-- PROVIDED DATA follows --

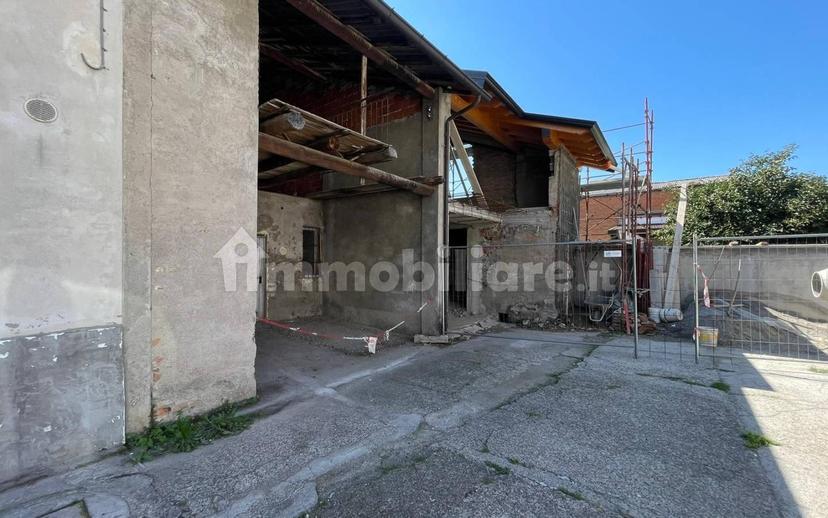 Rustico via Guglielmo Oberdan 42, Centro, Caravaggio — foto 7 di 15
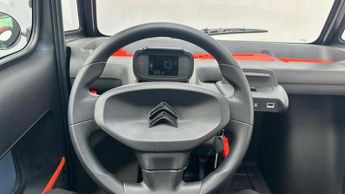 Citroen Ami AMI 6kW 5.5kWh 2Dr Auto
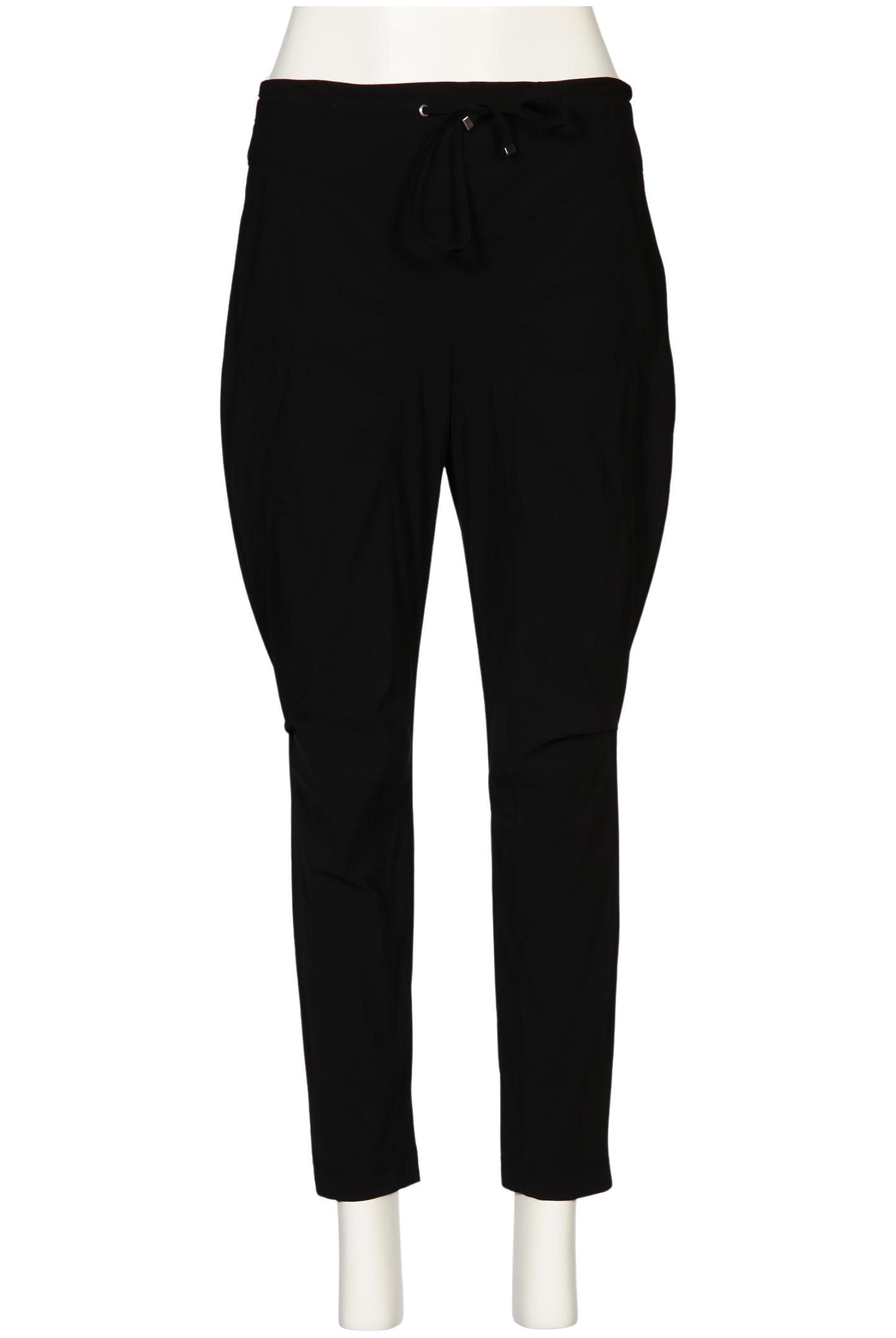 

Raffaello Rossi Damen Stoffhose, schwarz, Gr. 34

-- PROVIDED DATA concluded --

WHAT THE TASK REQUIRES
Please retype, exactly as they appear, the lines from the one with "Citroen Ami AMI 6kW 5.5kWh 2Dr Auto" through the final line of the material, both included, and drop any pictures.

EXPECTED ANSWER
 Citroen Ami AMI 6kW 5.5kWh 2Dr Auto

Raffaello Rossi Damen Stoffhose, schwarz, Gr. 34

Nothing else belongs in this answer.